Push enteroscopy showed (a) Ulcerated mass with no bleed in the jejunum. (b) Biopsies were taken with cold forceps for histopathology.

Histopathology revealed classic ‘starry sky’ appearance on H&E stain (a) 20X, (b) 40X magnification.

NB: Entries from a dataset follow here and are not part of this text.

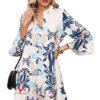 White Printed Tribal Print Bracelet Sleeve Buttoned Mini Dress - Image 13
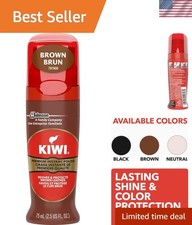 Brown Liquid Shoe Polish 2.5 oz - Instant Shine Protect with Sponge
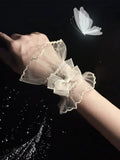 Sheer Wrist Cuffs with Bow Detail - Mr. Cat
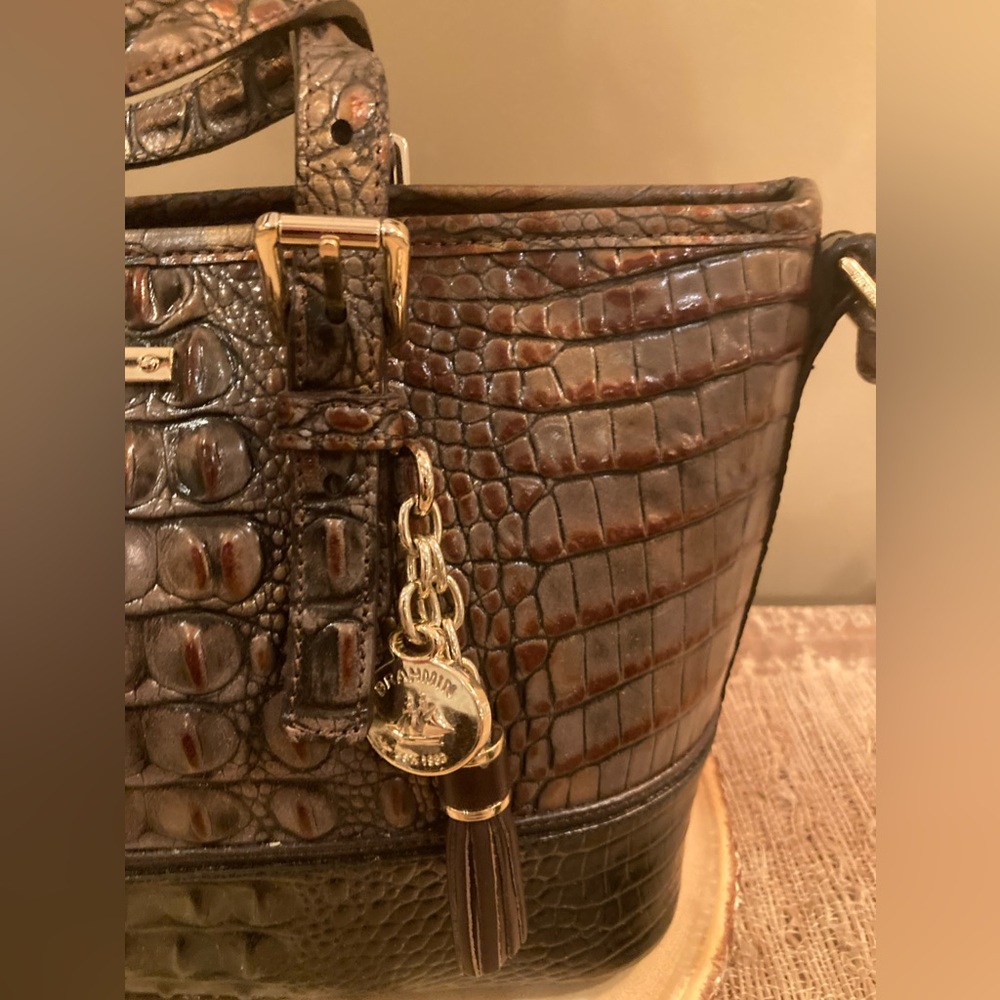 BRAHMIN MINI ASHER 2 Tone Melbourne‎ LEATHER SATCHEL CROSSBODY BAG Tassel Purse - Picture 9 of 13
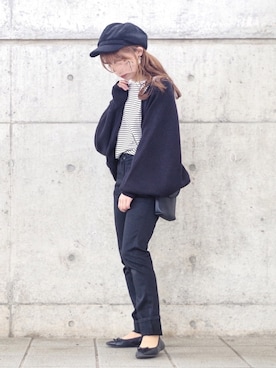 「アイテム（キャスケット）」を使った、ぽーさん（レディース・148cm）の春コーディネート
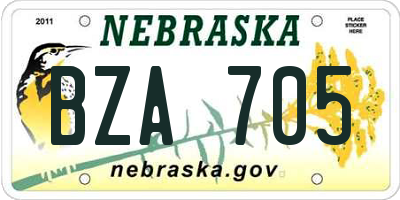 NE license plate BZA705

Immunohistochemistry staining was positive for (a) c‐myc, (b) CD20, (c) BCL‐6, and negative for (d) BCL‐2.

2.5. Outcome

The patient was found to have elevated lactate and acidosis and was treated with rasburicase for suspected tumor lysis syndrome. Despite aggressive supportive care, the patient's condition worsened. His oxygen requirement was increasing, and he was transferred to the ICU for further management. The patient was intubated for acute hypoxemic respiratory failure and required multiple vasopressors due to profound shock. Despite resuscitation, the patient had cardiorespiratory arrest and expired.

3. Discussion

Our case presents a case of relapse of BL in the rare location of the jejunum. Lymphomas are classified into two types, Hodgkin's and non‐Hodgkin's lymphomas. Non‐Hodgkin's lymphomas most commonly involve the lymph nodes, wherein the second most common site of involvement is the gastrointestinal tract, constituting 5%–10% cases [4]. Non‐Hodgkin's lymphomas are either of T‐cell or B‐cell lymphoid origin. B‐cell non‐Hodgkin's lymphomas are divided into five histological subgroups, according to the WHO classification: diffuse large B‐cell lymphoma, Burkitt's lymphoma, mantle cell lymphoma, follicular lymphoma, and extra‐nodal marginal lymphoma [5] [Table 1].

TABLE 1.

Morphological features and IHC markers differentiating Non‐Hodgkin Lymphomas (NHL).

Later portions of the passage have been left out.